▶ Your goal:
Below are the records; return exactly the lines from the one with "关于人际关系的英语作文（精选25篇）" through the final line, both included, minus any pictures.

---

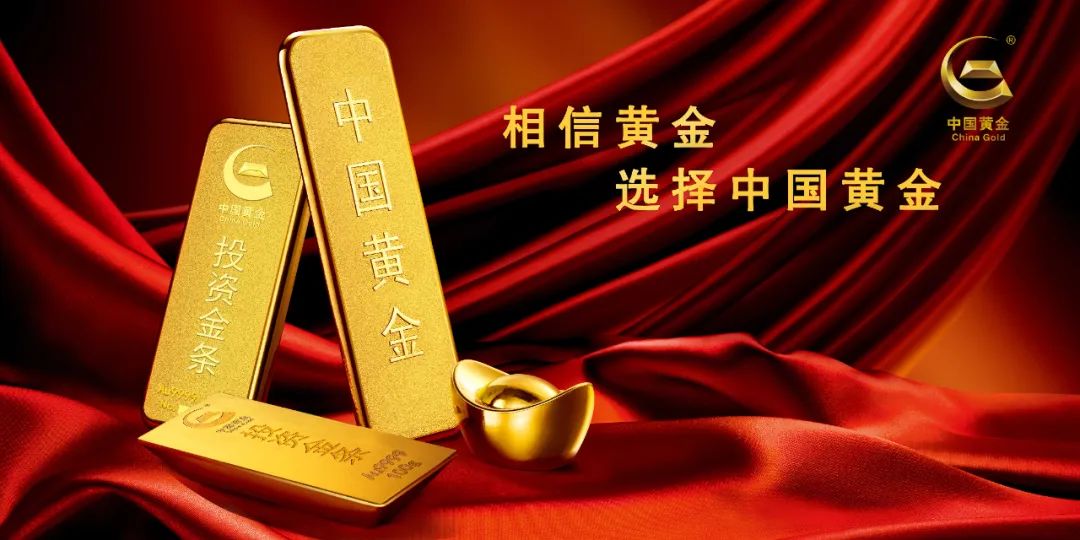 黄金最新动态新闻🌟更新发布📣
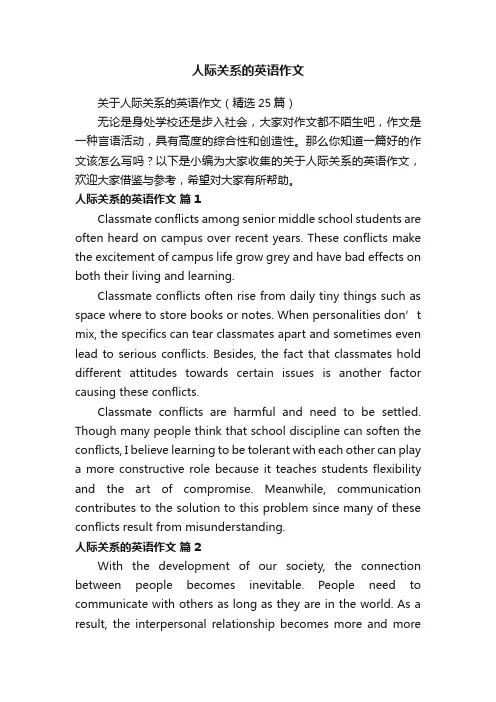 关于人际关系的英语作文（精选25篇）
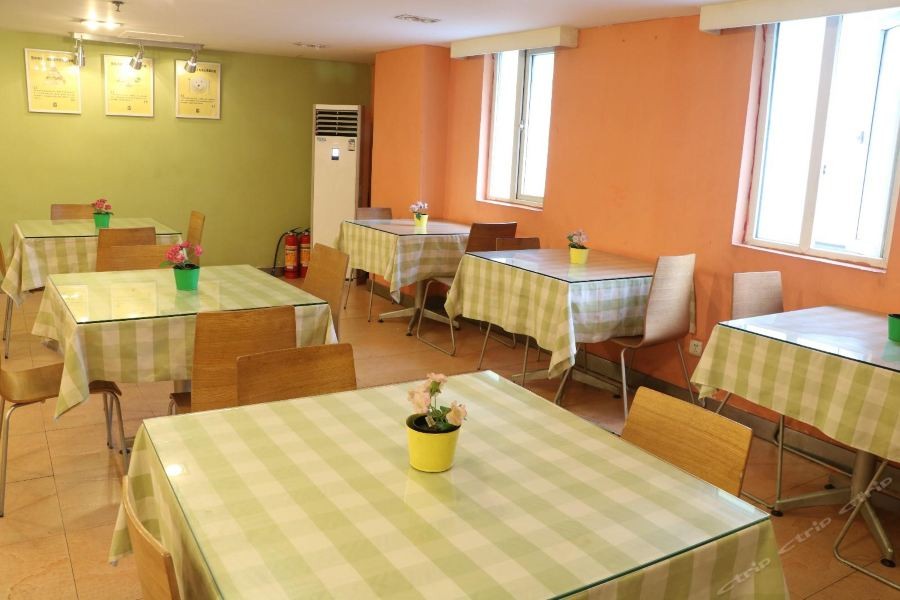 7 Days Inn Guangzhou Shahe Clothes City 22/44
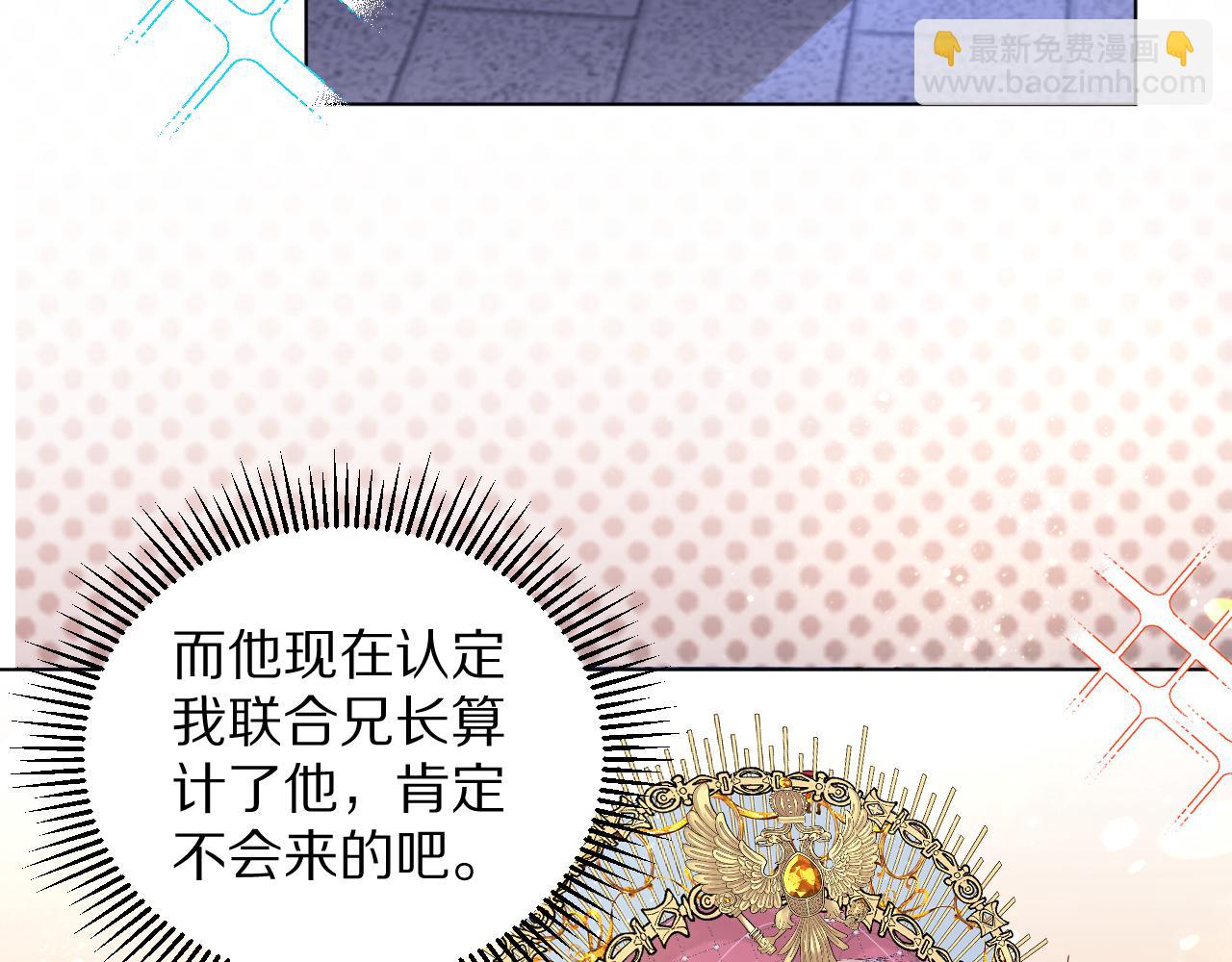 16  别给脸不要脸(1/3)-第17话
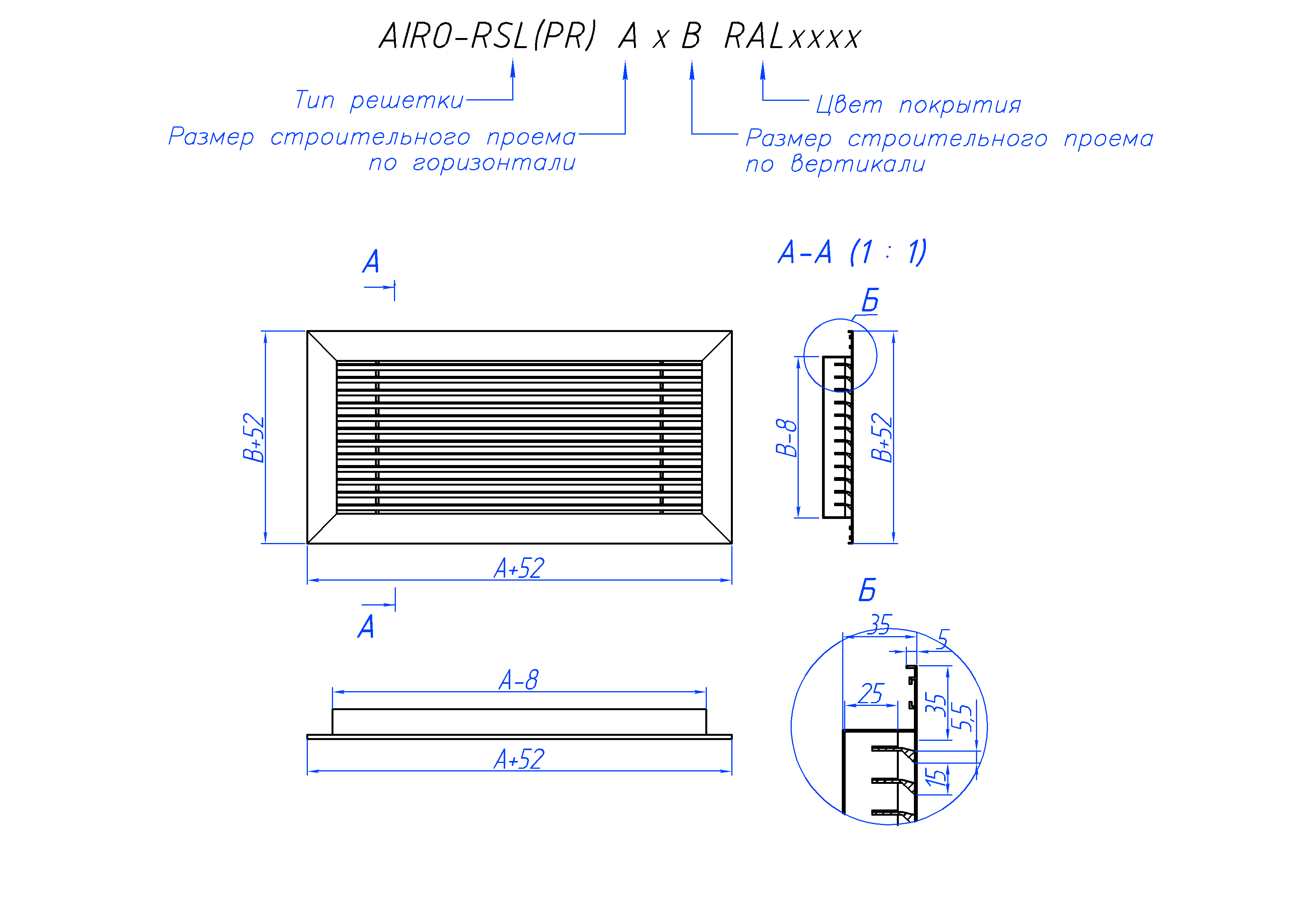Чертеж декоративной вентиляционной решетки AIRO-RSL(PR)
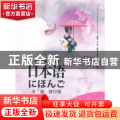 日本语:中级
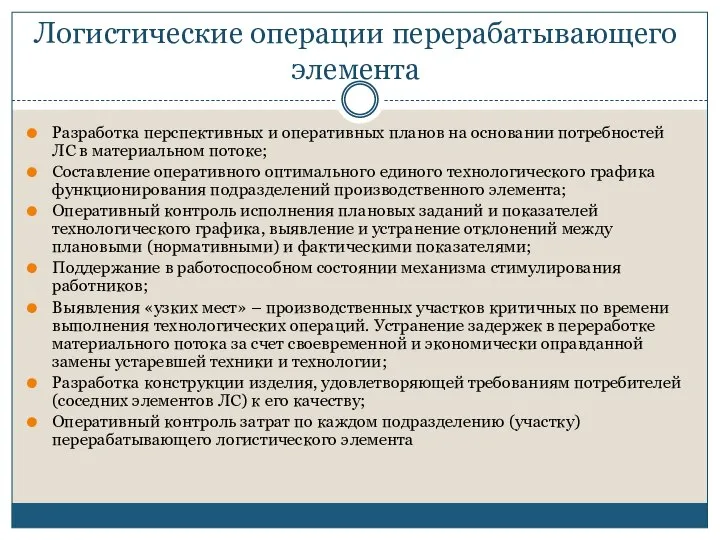 Логистические операции перерабатывающего элемента Разработка перспективных и оперативных планов на основании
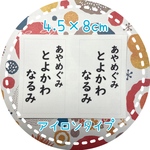 ＊【4.5×8cm2枚分】アイロン接着タイプ・ゼッケン・ホワイト・名前入り・入園入学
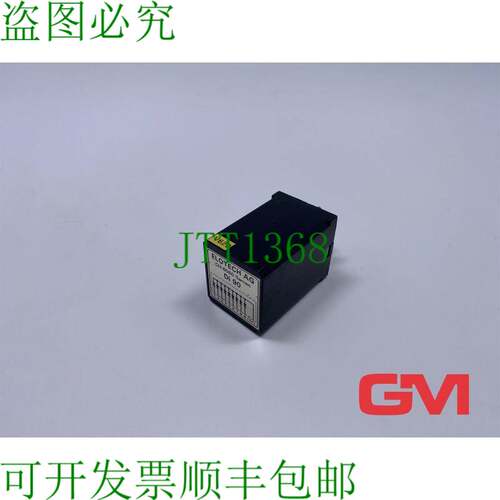 原装供应Elotech Relé Enchufe Di 90 Enchufe Relé 11 针 Rel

---

▶ Response to the exercise:
 关于人际关系的英语作文（精选25篇）
 7 Days Inn Guangzhou Shahe Clothes City 22/44
 16  别给脸不要脸(1/3)-第17话
Чертеж декоративной вентиляционной решетки AIRO-RSL(PR)
 日本语:中级
 Логистические операции перерабатывающего элемента Разработка перспективных и оперативных планов на основании
 ＊【4.5×8cm2枚分】アイロン接着タイプ・ゼッケン・ホワイト・名前入り・入園入学
 原装供应Elotech Relé Enchufe Di 90 Enchufe Relé 11 针 Rel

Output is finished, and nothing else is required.